From 48aa302491f2db66c9362388d5a511be18129e3d Mon Sep 17 00:00:00 2001
From: Romain Goffe <romain.goffe@gmail.com>
Date: Tue, 10 Jan 2012 19:51:47 +0100
Subject: [PATCH] Utils: merge typo.sh into rules.py

---
 utils/release.sh |  1 -
 utils/rules.py   | 51 +++++++++++++++++++++++++++++++++++++++++++++++-
 utils/typo.sh    | 41 --------------------------------------
 3 files changed, 50 insertions(+), 43 deletions(-)
 delete mode 100755 utils/typo.sh
diff --git a/utils/release.sh b/utils/release.sh
index e5147df1..adcdbdaa 100755
--- a/utils/release.sh
+++ b/utils/release.sh
@@ -48,7 +48,6 @@ fi;
 #./utils/indent.sh 2> /dev/null 
 #echo "emacs batch indentation done !"
 ./utils/rules.py 
-./utils/typo.sh ./songs/*/*.sg 
 ./utils/resize-cover.py 
 
 #build all songbooks
diff --git a/utils/rules.py b/utils/rules.py
index bd193a95..0a7f8847 100755
--- a/utils/rules.py
+++ b/utils/rules.py
@@ -2,6 +2,10 @@
 # -*- coding: utf-8 -*-
 
 import glob
+import sys
+import fileinput
+import re
+re.LOCALE
 
 # the dictionary has target_word:replacement_word pairs
 word_dic = {
@@ -110,10 +114,55 @@ word_dic = {
 songfiles = glob.glob('songs/*/*.sg')
 for filename in songfiles:
    with open(filename, 'r+') as songfile:
+
        data = songfile.read()
+#replace words
        for search, replace in word_dic.items():
              data = data.replace(search, replace)
+
+#no dots for acronyms
+#       data = re.sub("(?P<capital_letter>[A-Z])\.","\g<capital_letter>", data)
+
+#language based typographical rules
+       if (re.compile("selectlanguage{french}").search(data)):
+          #ensure non-breaking spaces before symbols ? ! ; :
+          data = re.sub("(?P<last_char>\S)(?P<symbol>[!?;:])","\g<last_char> \g<symbol>", data)
+          # ... except for gtabs macros with capos
+          data = re.sub("(?P<gtab>gtab.*)\s:","\g<gtab>:", data)
+# and apply a second time for cases like \gtab{Gm}{10:X02210:}
+          data = re.sub("(?P<gtab>gtab.*)\s:","\g<gtab>:", data)
+          #ensure no spaces after symbols (
+          data = re.sub("(?P<symbol>[\(])\s(?P<next_char>\S)","\g<symbol>\g<next_char>", data)

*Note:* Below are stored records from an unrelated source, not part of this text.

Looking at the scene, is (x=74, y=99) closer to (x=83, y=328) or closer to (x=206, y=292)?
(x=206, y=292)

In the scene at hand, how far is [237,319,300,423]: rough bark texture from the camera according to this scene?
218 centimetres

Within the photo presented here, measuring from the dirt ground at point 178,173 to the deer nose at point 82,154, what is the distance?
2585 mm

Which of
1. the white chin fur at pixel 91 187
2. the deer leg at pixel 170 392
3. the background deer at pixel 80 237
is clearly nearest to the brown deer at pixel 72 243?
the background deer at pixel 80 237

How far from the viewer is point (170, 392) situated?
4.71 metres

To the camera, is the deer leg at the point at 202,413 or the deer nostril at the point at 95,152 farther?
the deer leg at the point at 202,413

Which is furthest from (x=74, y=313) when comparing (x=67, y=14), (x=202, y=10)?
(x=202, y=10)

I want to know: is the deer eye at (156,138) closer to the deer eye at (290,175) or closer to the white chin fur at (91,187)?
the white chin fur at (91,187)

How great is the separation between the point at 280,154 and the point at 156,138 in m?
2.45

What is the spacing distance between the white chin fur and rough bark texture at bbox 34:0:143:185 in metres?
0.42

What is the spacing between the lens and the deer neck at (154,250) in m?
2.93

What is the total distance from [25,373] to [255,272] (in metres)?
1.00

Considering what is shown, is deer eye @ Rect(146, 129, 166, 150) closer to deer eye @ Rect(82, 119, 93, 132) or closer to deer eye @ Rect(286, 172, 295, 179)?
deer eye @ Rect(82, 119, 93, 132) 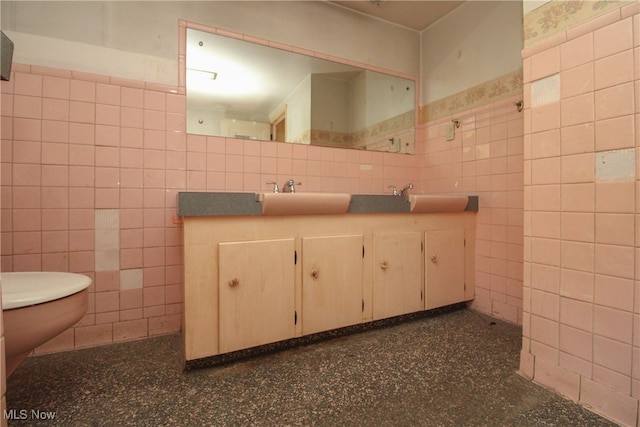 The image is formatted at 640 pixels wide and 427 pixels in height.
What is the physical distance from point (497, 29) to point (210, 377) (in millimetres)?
2754

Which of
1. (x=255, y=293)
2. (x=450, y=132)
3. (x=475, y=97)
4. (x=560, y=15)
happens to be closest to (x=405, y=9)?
(x=475, y=97)

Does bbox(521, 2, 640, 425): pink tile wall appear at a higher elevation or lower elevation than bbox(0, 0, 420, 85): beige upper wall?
lower

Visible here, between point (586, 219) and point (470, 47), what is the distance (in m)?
1.66

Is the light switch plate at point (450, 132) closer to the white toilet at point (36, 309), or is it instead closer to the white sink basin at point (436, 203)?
the white sink basin at point (436, 203)

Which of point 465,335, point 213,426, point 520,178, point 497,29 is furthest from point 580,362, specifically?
point 497,29

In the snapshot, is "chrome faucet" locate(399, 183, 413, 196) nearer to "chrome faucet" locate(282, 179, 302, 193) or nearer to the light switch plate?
the light switch plate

+          #convert inverted commas
+          data = re.sub("``","{\\og}", data)
+          data = re.sub("''","{\\\\fg}", data)

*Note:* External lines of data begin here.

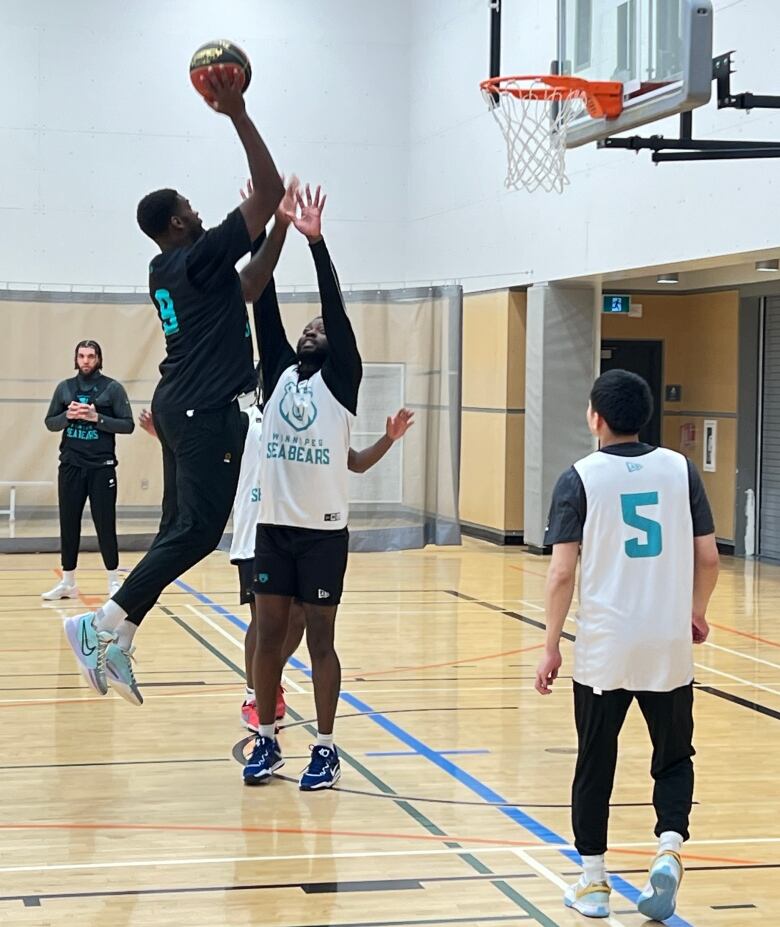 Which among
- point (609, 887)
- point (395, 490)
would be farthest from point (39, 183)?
point (609, 887)

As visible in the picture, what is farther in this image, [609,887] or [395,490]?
[395,490]

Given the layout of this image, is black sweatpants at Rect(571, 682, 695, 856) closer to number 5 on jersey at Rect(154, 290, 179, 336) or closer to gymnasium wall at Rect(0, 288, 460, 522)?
number 5 on jersey at Rect(154, 290, 179, 336)

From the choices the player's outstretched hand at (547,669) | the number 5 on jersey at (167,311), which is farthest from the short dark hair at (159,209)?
the player's outstretched hand at (547,669)

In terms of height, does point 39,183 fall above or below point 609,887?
above

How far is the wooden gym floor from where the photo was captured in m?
4.61

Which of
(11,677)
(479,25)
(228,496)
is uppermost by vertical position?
(479,25)

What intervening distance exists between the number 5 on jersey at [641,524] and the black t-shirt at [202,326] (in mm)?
1879

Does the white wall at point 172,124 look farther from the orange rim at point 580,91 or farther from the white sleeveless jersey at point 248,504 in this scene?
the white sleeveless jersey at point 248,504

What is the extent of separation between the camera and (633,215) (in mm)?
13617

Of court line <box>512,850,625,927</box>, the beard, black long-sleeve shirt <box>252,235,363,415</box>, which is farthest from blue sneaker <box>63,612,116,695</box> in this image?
court line <box>512,850,625,927</box>

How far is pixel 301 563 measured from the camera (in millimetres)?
5887

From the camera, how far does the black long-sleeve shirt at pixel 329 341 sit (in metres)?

+       elif (re.compile("selectlanguage{english}").search(data)):
+          #print "english song"
+          #ensure no spaces before symbols ? ! ; : )
+          data = re.sub("(?P<last_char>\S)(?P<symbol>[!?;:\)])","\g<last_char>\g<symbol>", data)
+          #ensure no spaces after symbols (
+          data = re.sub("(?P<symbol>[\(])\s(?P<next_char>\S)","\g<symbol>\g<next_char>", data)
+       elif (re.compile("selectlanguage{spanish}").search(data)):
+          #print "spanish song"
+          #ensure no spaces before symbols ? ! ; : )
+          data = re.sub("(?P<last_char>\S)(?P<symbol>[!?;:\)])","\g<last_char>\g<symbol>", data)
+          #ensure no spaces after symbols ¿ ¡ (
+          data = re.sub("(?P<symbol>[¿¡\(])\s(?P<next_char>\S)","\g<symbol>\g<next_char>", data)
+       elif (re.compile("selectlanguage{portuguese}").search(data)):
+          #convert inverted commas
+          data = re.sub("``","{\\og}", data)
+          data = re.sub("''","{\\\\fg}", data)         
+       else :
+          print "Warning: language is not defined for song : " + filename
+         
        songfile.seek(0)
        songfile.write(data)
        songfile.truncate()
-
+       
+for i, line in enumerate(fileinput.input(songfiles, inplace = 1)):
+#remove trailing spaces and punctuation
+   line = line.rstrip().rstrip(',.;').rstrip()
+#remove multi-spaces within lines
+   line = re.sub("(?P<last_char>\S)\s{2,}","\g<last_char> ", line)
+#write correct line
+   sys.stdout.write(line+'\n')
diff --git a/utils/typo.sh b/utils/typo.sh
deleted file mode 100755
index dd841e52..00000000
--- a/utils/typo.sh
+++ /dev/null
@@ -1,41 +0,0 @@
-#!/bin/sh
-#
-#Author: Romain Goffe and Alexandre Dupas
-#Date: 27/10/2010
-#Description: fix typographic mistakes, some depending on language
-
-FILES=songs/*/*.sg
-
-if [ $# -gt 0 ] ; then
-    FILES=$@
-fi
-
-# remove trailing space and double space
-sed -i \
-    -e 's/\s*$//g' \
-    -e 's/[,\.]$//g' \
-    -e '/\s*%/! s/\([^ ]\)\s\+/\1 /g' \
-    $FILES
-
-# formating rules depending on language
-for song in $FILES;
-do
-    if grep -q "selectlanguage{english}" $song
-    then
-	sed -i \
-            -e 's/\s*?/?/g' \
-            -e 's/\s*!/!/g' \
-            -e 's/\s*:/:/g' \
-            $song
-    elif grep -q "selectlanguage{french}" $song
-    then
-	sed -i \
-            -e 's/\([^ ]\)?/\1 ?/g' \
-            -e 's/\([^ ]\)!/\1 !/g' \
-            -e 's/\([^ ]\)!/\1 !/g' \
-            -e 's/``/{\\og}/g' \
-            -e "s/''/{\\\\fg}/g" \
-            -e '/\\gtab.*/ ! s/\([^ ]\):/\1 :/g' \
-            $song
-    fi
-done